## ABOUT THIS TASK
Copy each record exactly as it reads, leaving out any pictures it holds.

## DATA TO PROCESS
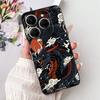 Dragon Koi Fish Landscape Phone Case For Tecno Spark 20 Pro Spark 20 20c 20Pro Plus Back Cover Soft TPU Cartoon Bumper KJ7 KJ6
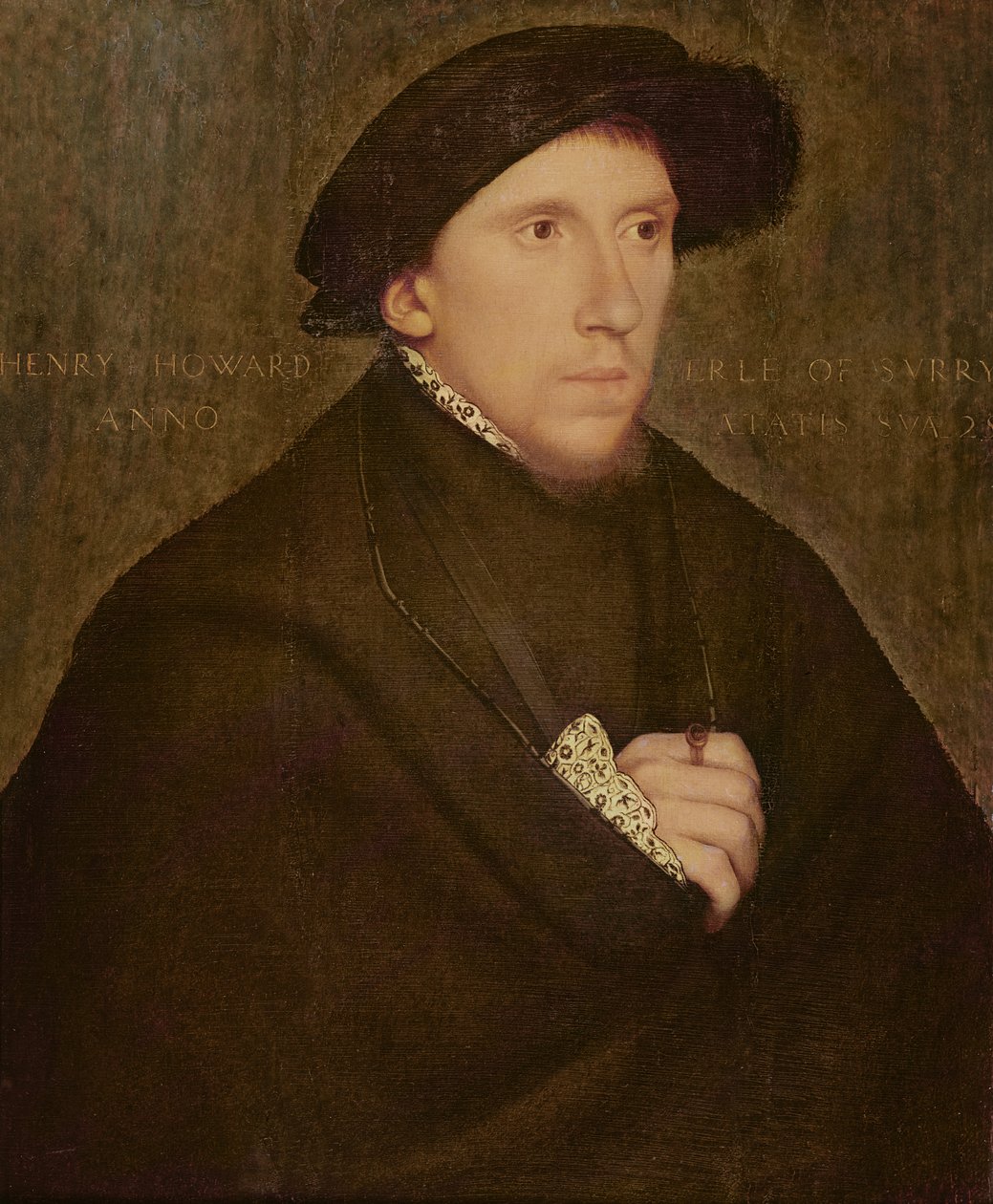 Henry Howard, Conte di Surrey, c.1542 da Hans Holbein der Jüngere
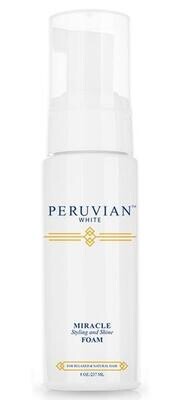 PERUVIAN WHITE MIRACLE FOAM 8OZ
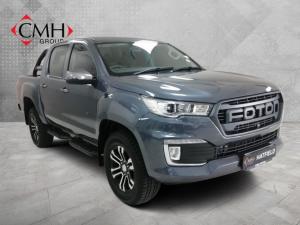 2025 Foton Tunland G7 2.0TD double cab TL auto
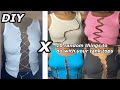 DIY criss-cross top | 10 random things to do to your tank tops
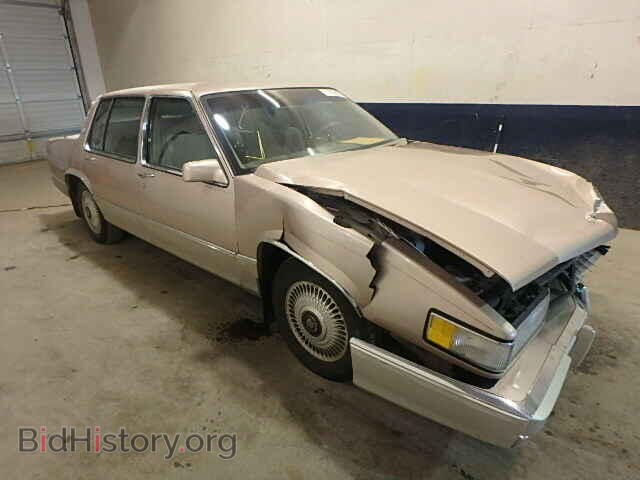 Photo 1G6CD5337L4273621 - CADILLAC DEVILLE 1990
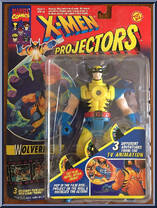 Wolverine from X-Men - Projectors manufactured by Toy Biz [Front]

## THE COMPLETED TASK
 Dragon Koi Fish Landscape Phone Case For Tecno Spark 20 Pro Spark 20 20c 20Pro Plus Back Cover Soft TPU Cartoon Bumper KJ7 KJ6
 Henry Howard, Conte di Surrey, c.1542 da Hans Holbein der Jüngere
 PERUVIAN WHITE MIRACLE FOAM 8OZ
 2025 Foton Tunland G7 2.0TD double cab TL auto
 DIY criss-cross top | 10 random things to do to your tank tops
 Photo 1G6CD5337L4273621 - CADILLAC DEVILLE 1990
 Wolverine from X-Men - Projectors manufactured by Toy Biz [Front]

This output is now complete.